◆ INFORMATION GIVEN:
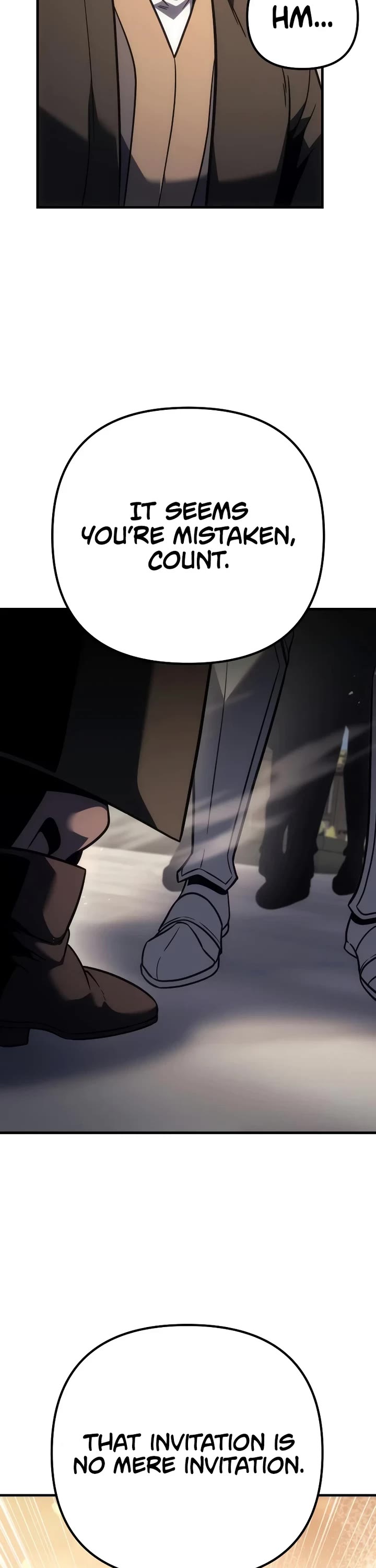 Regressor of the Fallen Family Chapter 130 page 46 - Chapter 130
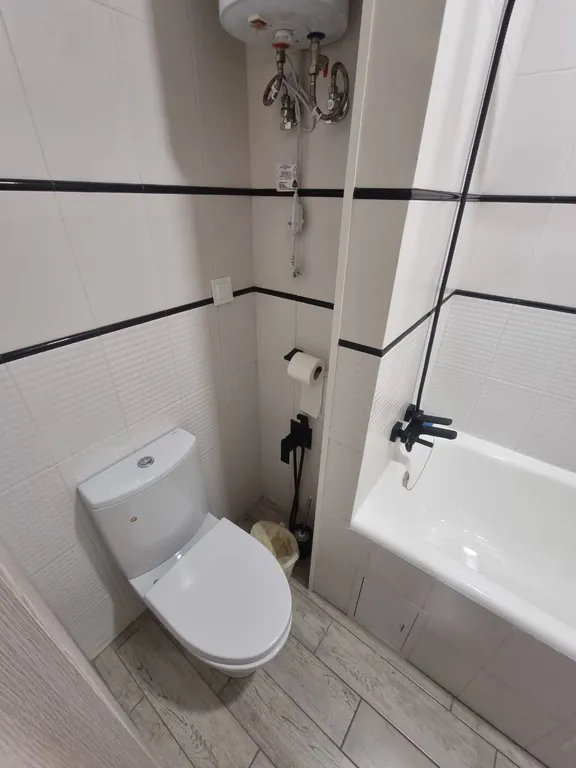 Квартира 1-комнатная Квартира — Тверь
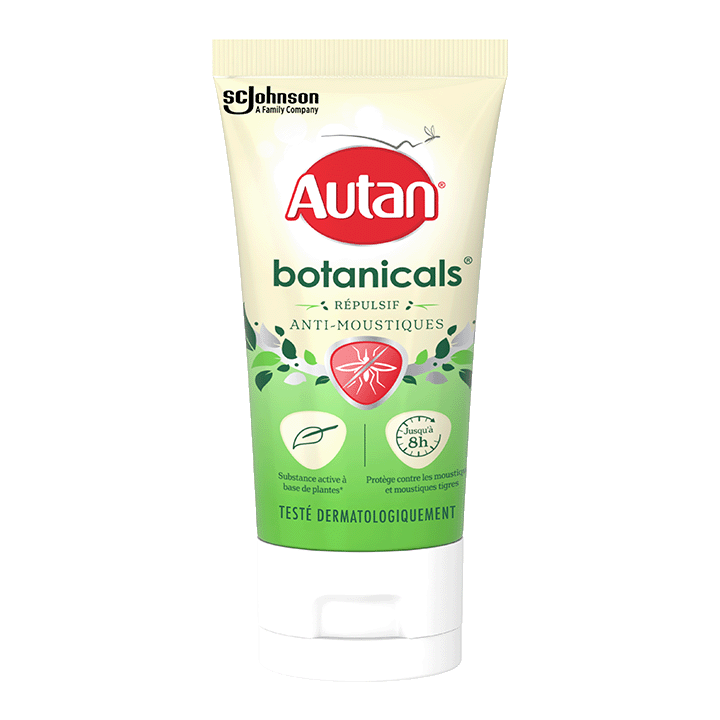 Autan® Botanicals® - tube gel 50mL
--
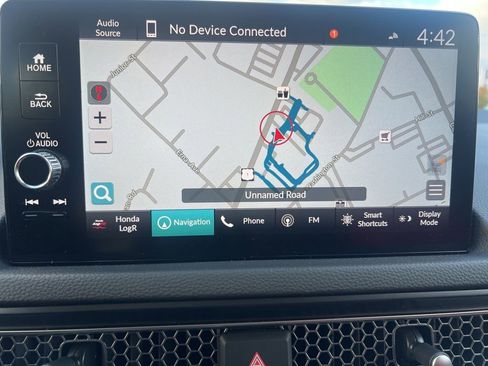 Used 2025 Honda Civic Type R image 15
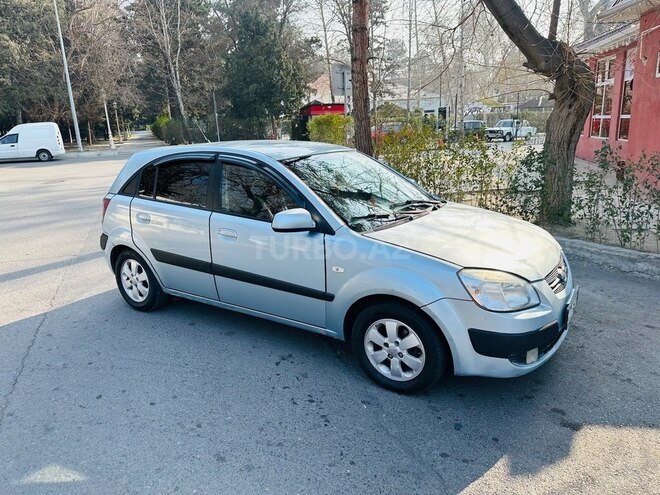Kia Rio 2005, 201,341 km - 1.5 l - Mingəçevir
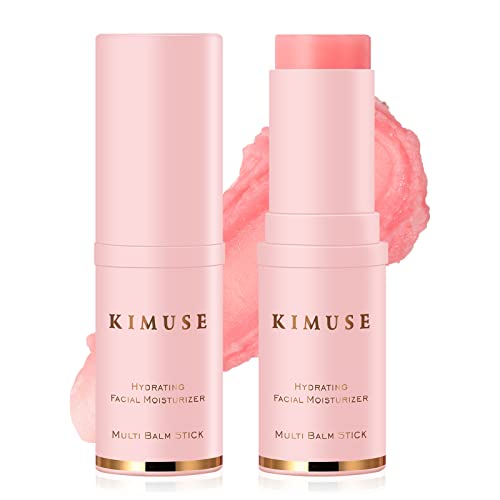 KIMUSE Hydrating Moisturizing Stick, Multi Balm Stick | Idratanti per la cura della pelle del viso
---
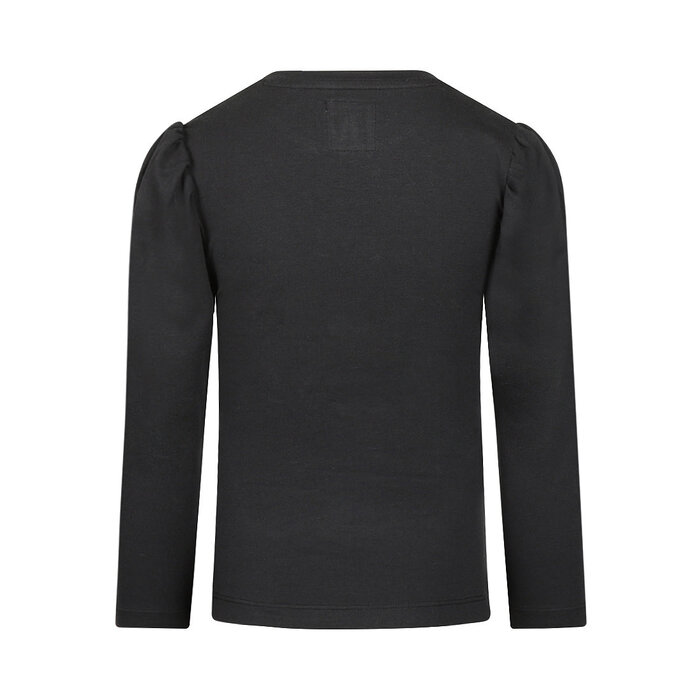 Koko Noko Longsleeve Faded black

◆ WHAT THE TASK REQUIRES: Your answer is the exact run of lines above from the one with "Regressor of the" through the one with "Autan® Botanicals® - tube gel 50mL", both ends included, minus any picture.

◆ COMPLETED TASK:
 Regressor of the Fallen Family Chapter 130 page 46 - Chapter 130
 Квартира 1-комнатная Квартира — Тверь
 Autan® Botanicals® - tube gel 50mL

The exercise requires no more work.